How do you guys deal with these files?

By quoting a hefty (at least 30%) premium for working with them.

In practice, though, I don't do any. The client either comes up with a viable file format or goes elsewhere. I know plenty of translators who are quite happy to deal with scanned images but I'm not one of them.


Nikita Kobrin  Identity Verified
Local time: 09:50
English to Russian
+ ...
* May 17, 2012

Trevor Chichester wrote:
How do you guys deal with these files?

1) I ask the client to convert the PDF file into editable format (MS Word) and send it to me for translation (I accept only those converted files that are 100% identical to the PDF files from which they were converted).

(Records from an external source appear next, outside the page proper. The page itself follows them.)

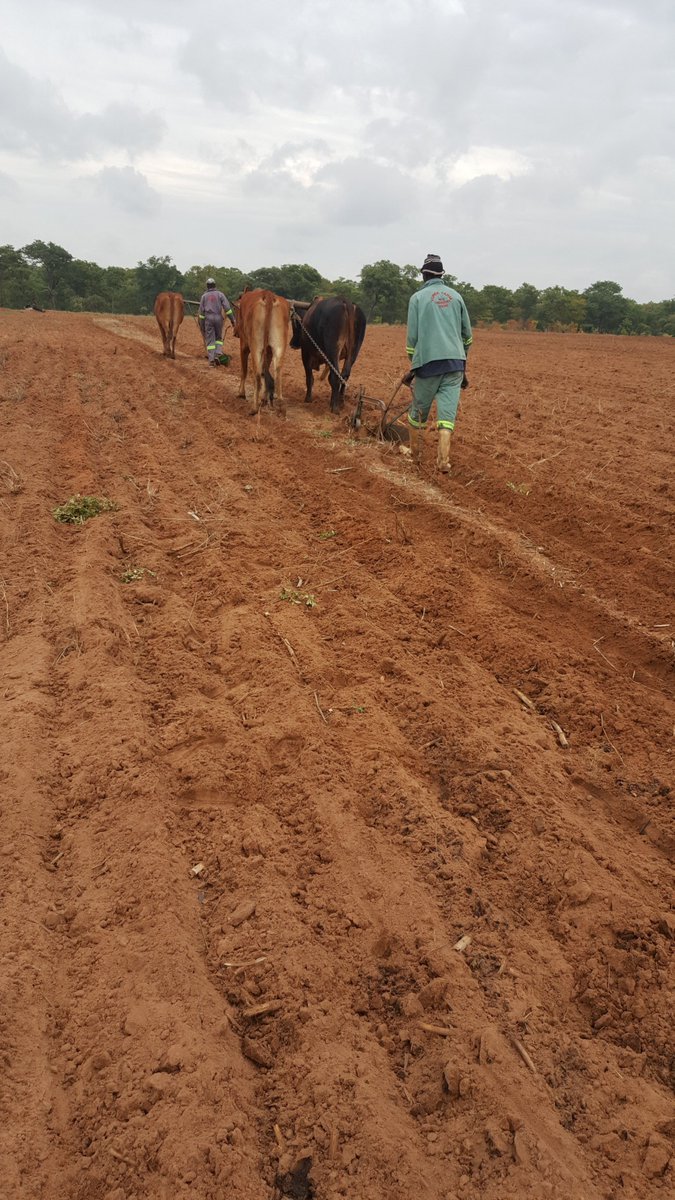 VundaFarm's tweet photo. Today we managed to plough 4hactares of @SeedCoZim seed #SC513. We are looking for another good harvest in 2019/2020 season. Our target is 80tonnes and above.
#ItAllStartsWithRightSeed
#Farming
#Manure
@JohnDe90979343 @basera_john @corporatefarmg1 @CynthiaTapera @PatieMusa https://t.co/wlxTr3GDoe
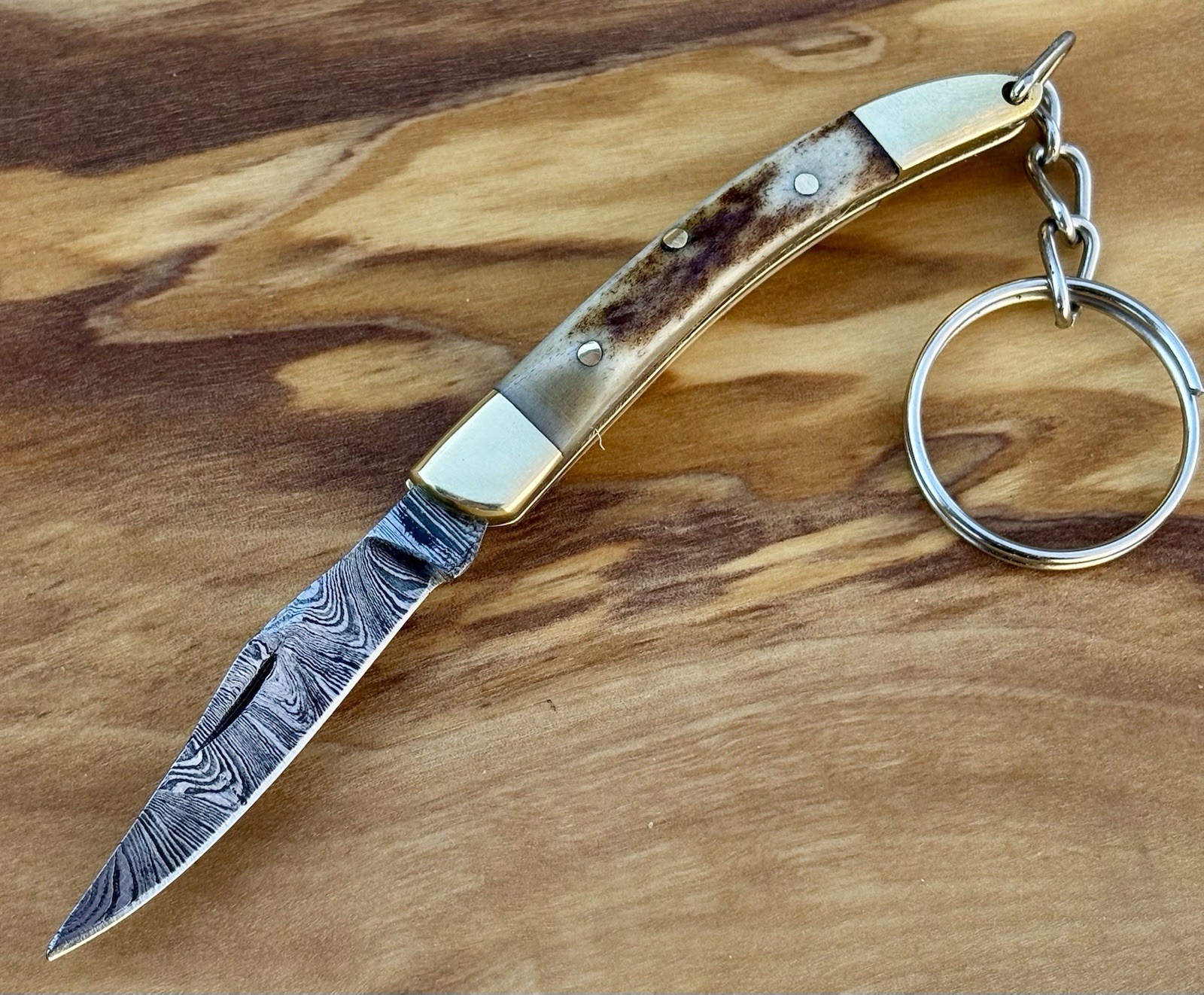 2.5” Pocket Knife Keychain High Quality Drop Point Everyday Carry Compact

2) If the client is not able to do 100% identical conversion himself I ask my DTP operator to do the conversion. In order to be able to compensate his work I charge the client extra. It's not cheap: in difficult cases the cost of conversion my be equal to the cost of translation.


[Edited at 2012-05-17 20:26 GMT]


Anton Konashenok  Identity Verified
Czech Republic
Local time: 08:50
English to Russian
+ ...
Just OCR it, but do it properly May 17, 2012

Nikita, your DTP operator seems to be overcharging you by a huge factor. In my own experience, OCRing a scanned text of decent quality (maybe even a good fax) has never taken me more than 10% of the time needed for translation, and I consider it good customer relations to offer it free of charge if a steady client sends me an occasional scanned document.
There is, however, an important point to remember: never run your OCR in fully automatic mode, nor allow it to format the paragraphs for you. I'm using FineReader, defining the recognition areas by hand (selecting text or table as appropriate) and saving the results as plain text. For very clear originals, I may decide to save as formatted text instead, but delete all paragraph styles created by FineReader before doing any further work - this way, I only keep character-level formatting (font size and bold/italic/underline). Recreating the necessary paragraph format by hand takes a small fraction of the time needed to straighten out the automatically generated formatting.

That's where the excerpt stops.